Materials and methods

Cell lines, plasmids and reagents

MG-63 (CRL-1427) and U2OS (HTB-96) human OS cell lines were purchased from the American Tissue Culture Collection (Manassas, VA, USA). The cells were grown in Dulbecco's modified Eagle's medium (Invitrogen Life Technologies, Carlsbad, CA, USA) supplemented with 10% fetal bovine serum (Invitrogen Life Technologies) and 100 U/ml penicillin-streptomycin (Sigma-Aldrich, Beijing, China) in an incubator with a humidified atmosphere of 95% air and 5% CO2 at 37°C. Human full-length PCX cDNA (SC302189; Origene Technologies, Inc., Beijing China) was sub-cloned into a pcDNA 3.1 expression vector (Invitrogen Life Technologies) at the KpnI and NotI sites. A human PCX short hairpin (sh)RNA plasmid (RHS3979-98487921; 5′-AGTTCATCCCATTTGTCCT-3′) was purchased from Open Biosystems (Huntsville, AL, USA). Mouse anti-human anti-PCX (3D3) monoclonal (cat. no. 39-3800) antibody and Lipofectamine® 2000 transfection reagent were purchased from Invitrogen Life Technologies (Carlsbad, CA, USA).

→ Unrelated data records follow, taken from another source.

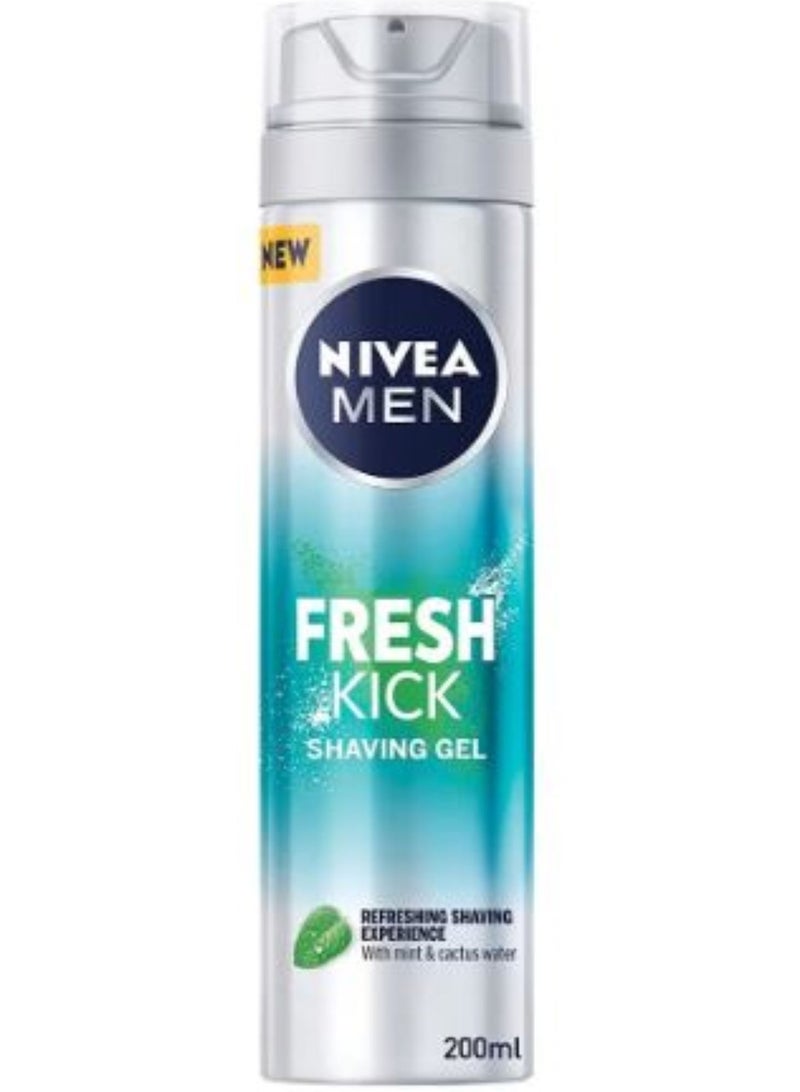 Nivea Shaving Gel Fresh Kick Mint & Aloe Vera 200 ml - Image 1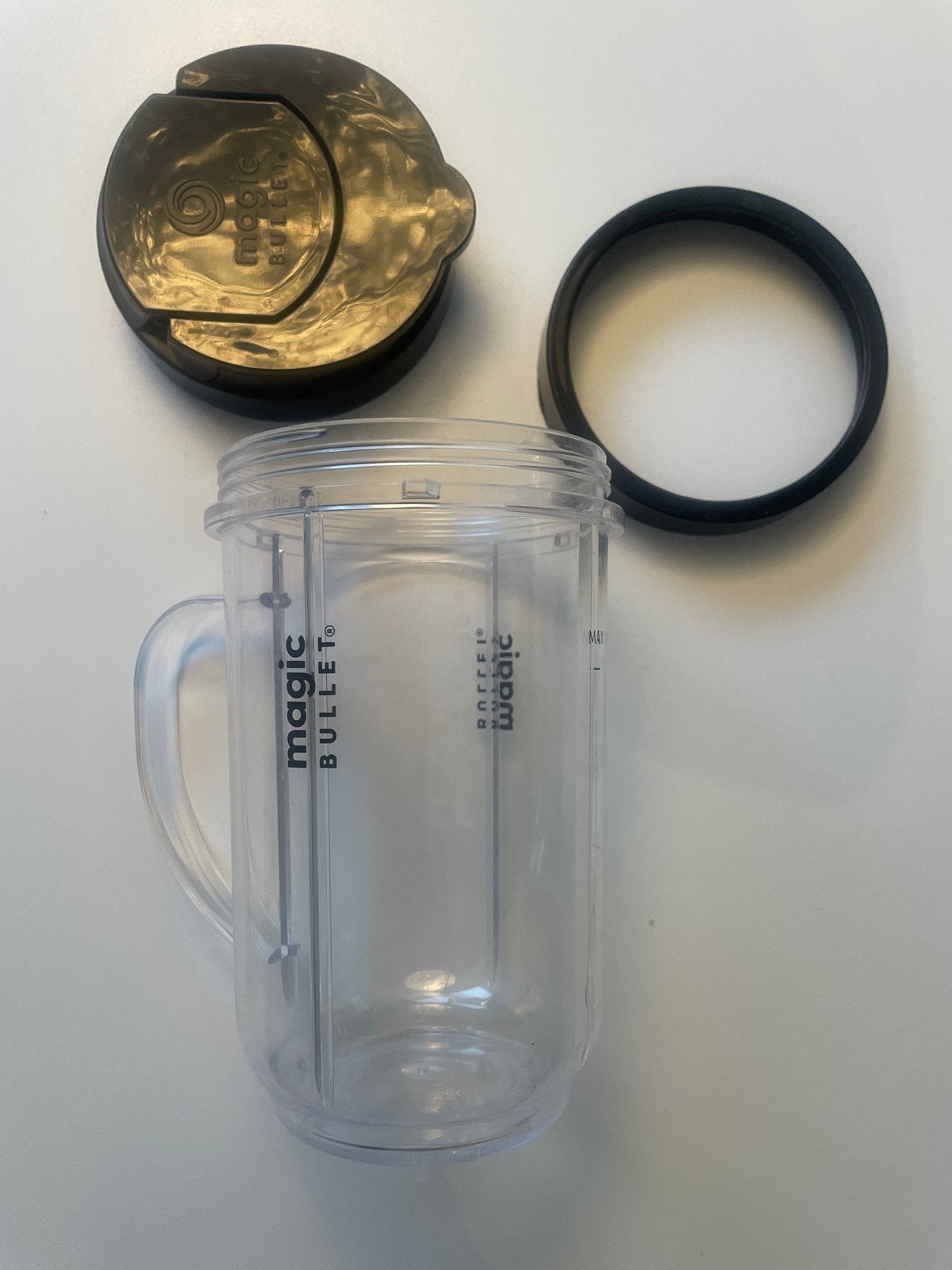 Magic Bullet Blender Beker met Deksel - Zo goed als nieuw, Witgoed en Apparatuur, Blenders, Zo goed als nieuw, Blender-accessoire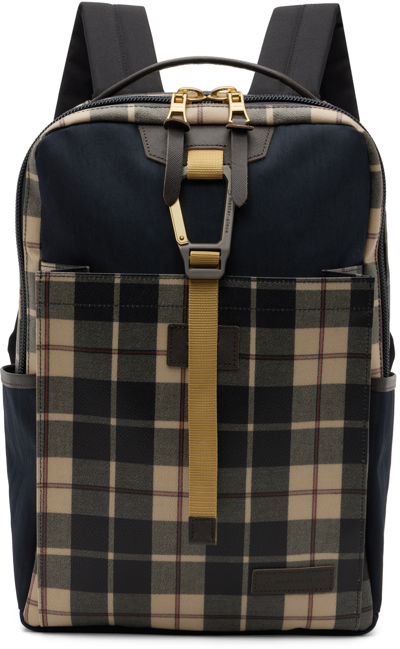 Shop Master-piece Co Beige Link Check Backpack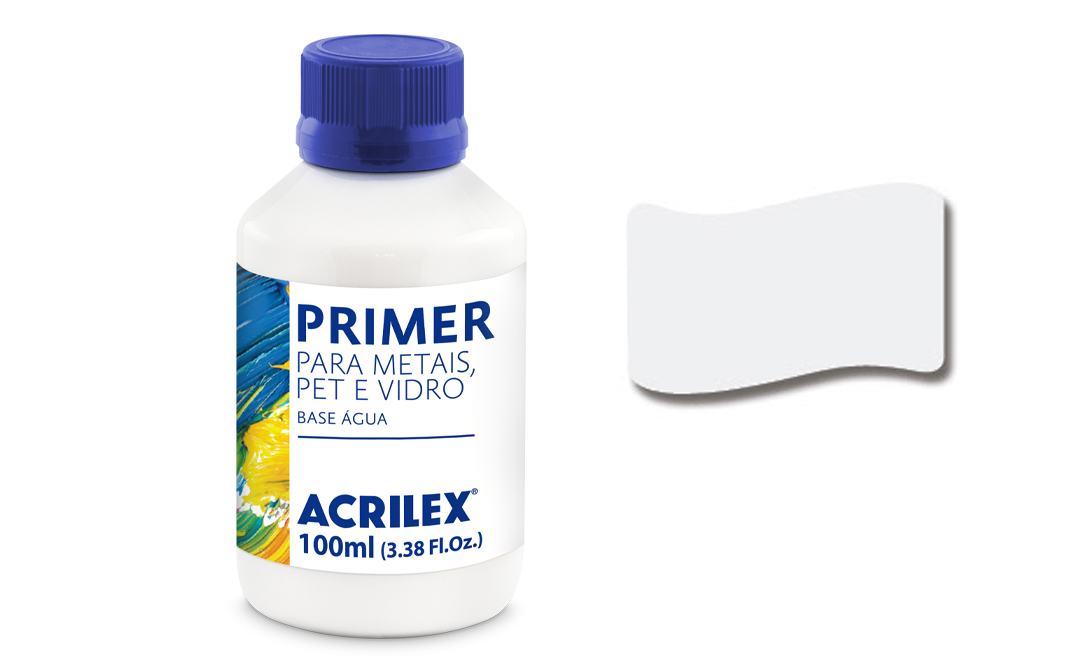 Primer para Metais, PET e Vidro Acrilex — 100 ml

Selective phosphatidylinositide 3-kinase (PI3K) inhibitor BKM120 (cat. no. sc-364437A), and rabbit anti-human anti-Akt serine 473 (ser473) (cat. no. sc-1618) and rabbit anti-human anti-phosphorylated (p)-Akt (ser473) (cat. no. sc-101629) polyclonal antibodies were purchased from Santa Cruz Biotechnology, Inc. (Dallas, TX, USA). All primary antibodies were incubated with the membrane at a dilution of 1:500 for 1 h in Tris-buffered saline with Tween 20 containing 5% skimmed milk powder for blocking at room temperature. All secondary antibodies were purchased from Jackson ImmunoResearch Laboratories, Inc. (West Grove, PA, USA). The TiterTACS in situ Apoptosis Detection kit (cat. no. 4822-96-K) was purchased from R&D Systems (Minneapolis, MN, USA). The PI3K Activity ELISA kit (cat. no. K-1000s) was purchased from Echelon Biosciences, Inc. (Salt Lake City, UT, USA). Cisplatin, puromycin, G418 and all chemicals of reagent grade were purchased from Sigma-Aldrich (St. Louis, MO, USA).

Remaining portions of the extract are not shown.